Notre recherche confirme l’importance d’un autre facteur, déjà identifié par Oso et Catarino (1997) : la structure résidentielle dans laquelle la femme est insérée. La pratique de la virilocalité, répandue dans notre contexte d’étude, subordonne la femme à l’autorité de sa belle-famille. Cette dernière joue un rôle conservateur et contribue au renforcement du système patriarcal. Elle veille à ce que les activités économiques que la femme peut avoir ne remettent pas en cause son rôle traditionnel et les tâches domestiques dont elle a la charge. Finalement, les activités économiques dans lesquelles s’engagent beaucoup de ces femmes restent dans le prolongement de leur travail domestique — comme la couture, la coiffure — ou sont des activités féminines traditionnelles — comme la vente. De plus, ces activités sont peu rémunératrices, car elles se situent dans les secteurs d’activité les plus précaires. Enfin, les revenus tirés sont principalement utilisés à titre personnel, ce qui ne remet pas en cause le rôle de l’homme comme chef de famille. Ainsi, toute conclusion quant à un éventuel effet émancipateur des activités économiques engendrées grâce à la migration sur le statut des femmes reste à nuancer.

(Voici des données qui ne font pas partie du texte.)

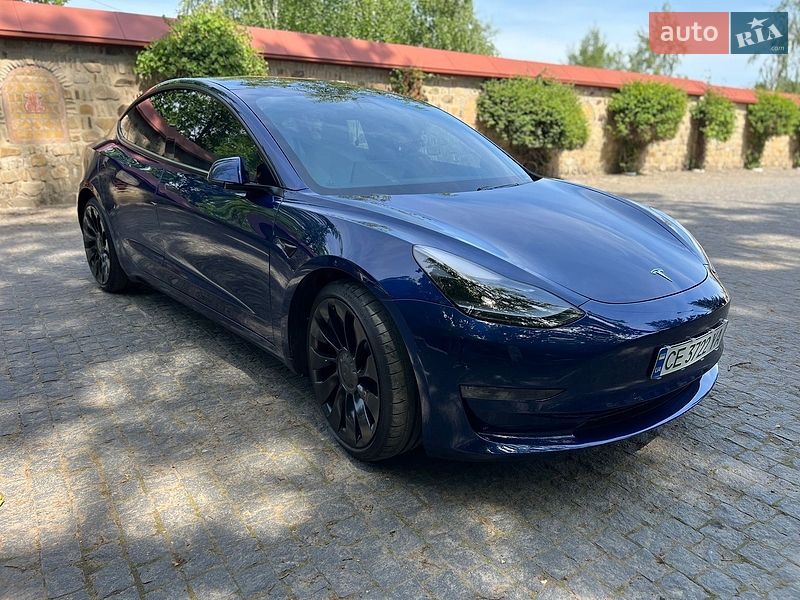 Седан Tesla Model 3 2021 в Черновцах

Enfin, si une approche qualitative comme celle adoptée dans ce travail est utile pour révéler certains aspects de la relation complexe entre migrations et activités économiques féminines, elle gagnerait à être complétée par deux autres approches. Tout d’abord, une approche quantitative nous donnerait une idée plus claire de la représentativité de nos conclusions. Elle devrait cependant adopter une perspective longitudinale biographique, permettant d’observer l’influence des migrations sur les trajectoires familiales et économiques des femmes. Deuxièmement, le contexte culturel nous est apparu comme un médiateur important de l’influence des migrations. Plusieurs aspects paraissent cruciaux : l’histoire et la prévalence des migrations, les normes de genre préexistantes et les structures familiales et résidentielles en vigueur. Les recherches futures gagneraient donc à adopter une approche comparative, mieux apte à faire ressortir et à évaluer l’importance de ces facteurs.